Test results are needed rapidly not only for reasons of clinical urgency but to ease patient backlog in the emergency department, post anesthesia care unit, or other areas.
- Innovative therapies requiring rapid laboratory feedback
- The critical shortage of qualified medical technologists, which is likely to worsen
- Increasing demand for medical support at diverse sites (e.g., sporting events such as marathons, resorts, cruise ships, schools, camps)
- Increasing demand for rapid testing in outpatient settings
(e.g., cancer centers for outpatient chemotherapy)
- Increasing demand for self testing in patients’ homes
- Disaster preparedness
- Underserved populations and underdeveloped regions without the infrastructure or manpower for central laboratory testing and to promote access to care
- Changes in commercial environment
- Attracted by the very large growth rates in POCT compared to traditional central laboratory testing, and relatively favorable profit margins, industry will heavily promote POCT.
- Changes in regulatory environment
- Continued trend to promote POCT for all the reasons noted above and to foster “personalized” healthcare
- However, drivers are offset by the potential impact of the 2008 FDA guidance directives that have slowed the introduction of new waived tests.
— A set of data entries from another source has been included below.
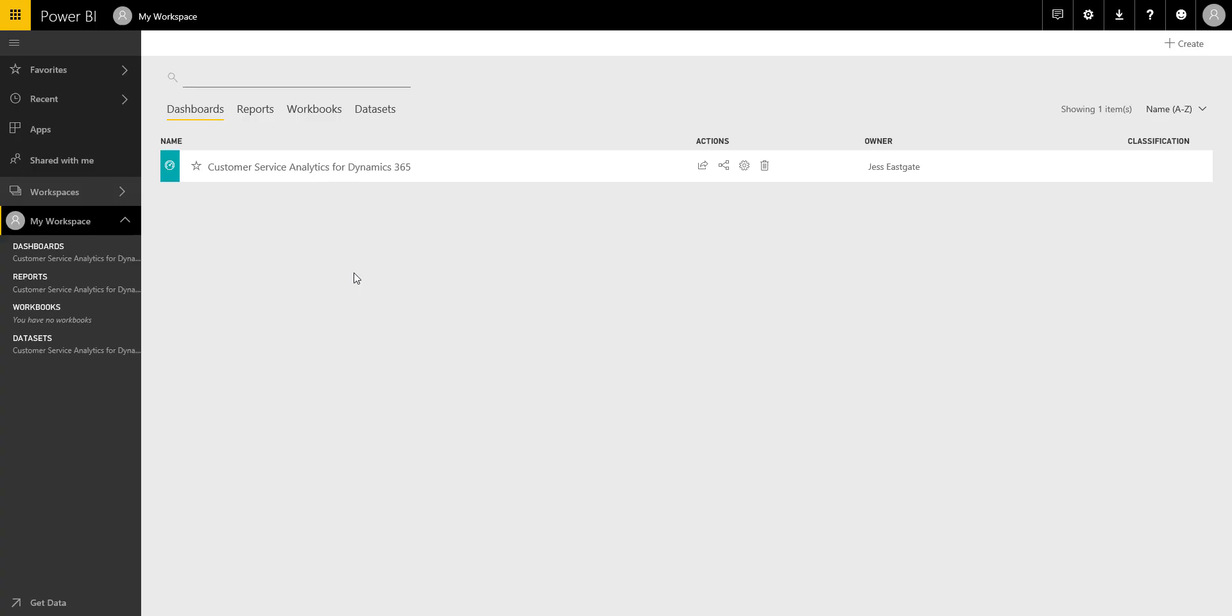So we've seen that there's a couple of content packs available for free from Microsoft for CRM for us to work with. One was customer service, what was the other one? So the next one is sales analytics. So this is to do with your leads, your opportunities, quotes if you're using the quotes functionality as well.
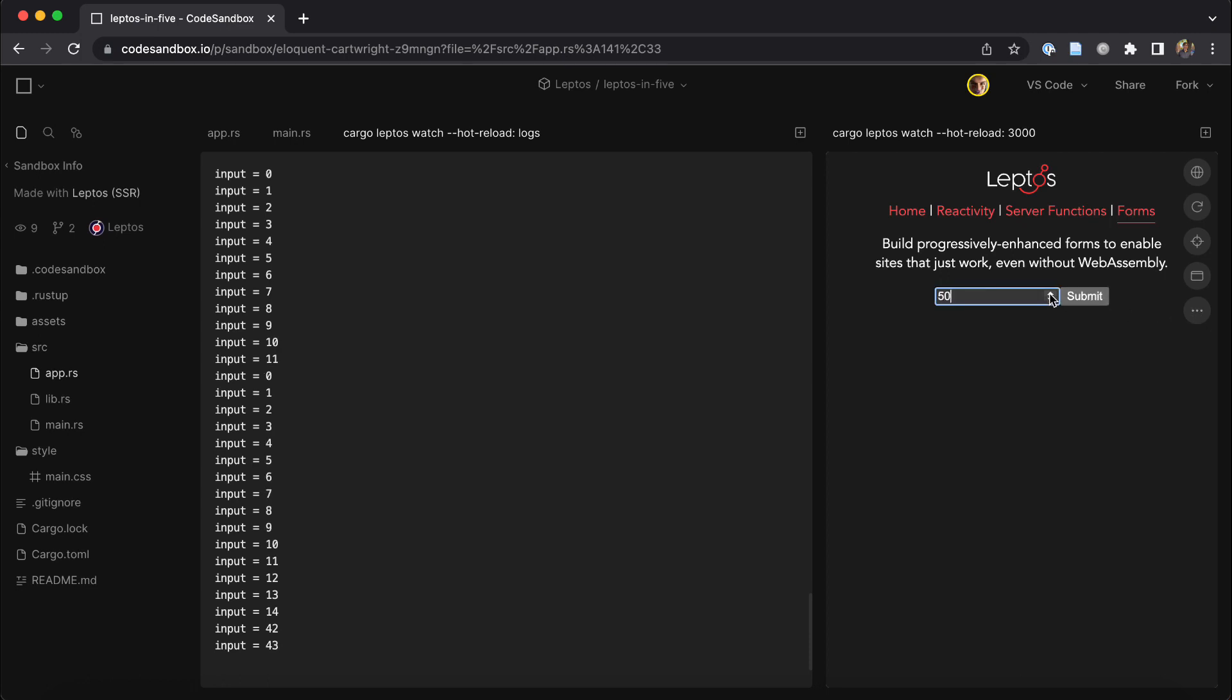Now forms are a humble HTML element, but they're actually extremely powerful because building server functions on web standards means that forms you build with them are able to begin working on devices that don't support WebAssembly or even before WebAssembly has loaded.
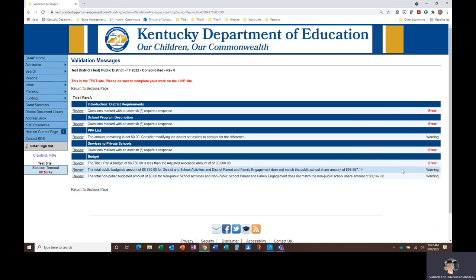Consider modifying the district set-asides to account for the difference. As discussed in the PPA list page video, it is acceptable to have a few dollars or cents remaining on the page, or you can adjust your district set-aside amounts accordingly to zero out that remaining balance. An error message would be something like, questions marked with an asterisk require a response, or the enrollment for ABC Elementary School has not been entered.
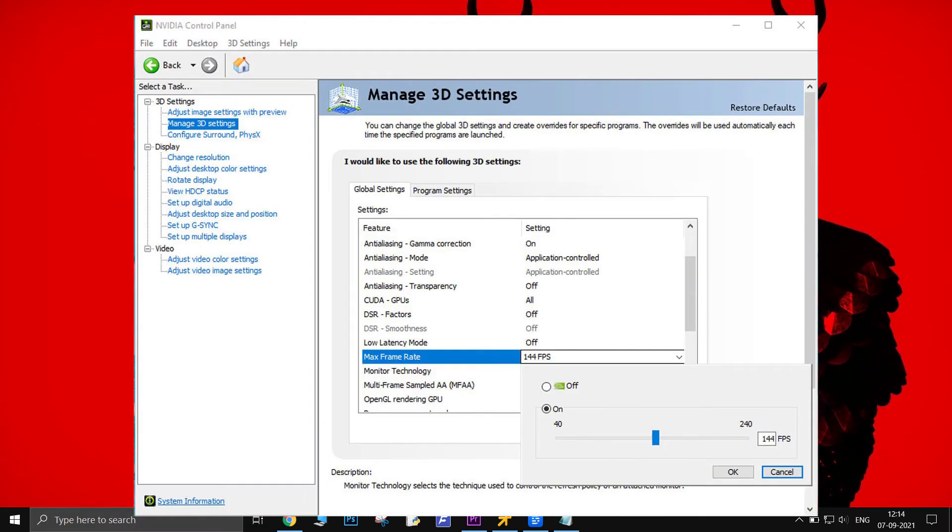Open NVIDIA Control Panel, go to Manage 3D Settings, go to Program Settings. Select Bus Simulator 21, enable Max FPS Limit and set the value for the game's max FPS.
- In 2008, in response to the growing numbers of waived tests and concerns regarding testing quality and patient safety, HHS issued more detailed and rigorous guidelines for manufacturers of products intended for waived testing. These guidelines made it more difficult for a product to achieve the waived designation and effectively decreased the numbers of submitted waived test requests, as well as the number of new waived testing products introduced to the market place. The impact of these and future regulations remains to be seen, but concerns have been raised about the potential complexity of some of the analytes on waived devices, (e.g., blood gases and metabolites). A growing concern, as evidenced by recent FDA focus, is the use of similar devices for both patient self-monitoring and intensive care monitoring. A prime example of this is glucose meters used on unstable acutely ill patients in ICUs, where many patient variables affect results and life-threatening treatment may be instituted, (e.g. insulin injection with the potential for hypoglycemia and death).
- Questions arise about whether there should be different standards for devices or tests used in different care environments, (e.g., pregnancy tests for home use versus used in healthcare settings before radiologic studies).
- Military applications
- The US military system is comprehensively organized into echelons of care, ranging from Echelon 1, the most basic care on the battlefield, to Echelon 5, representing tertiary care at an Army hospital. The system is intended to provide access to the highest quality care to soldiers, in return for their service, but also to maximize combat effectiveness. At the lowest echelons of care, POCT may be the only type of laboratory support possible, or the most desirable type, especially for combat or transport settings.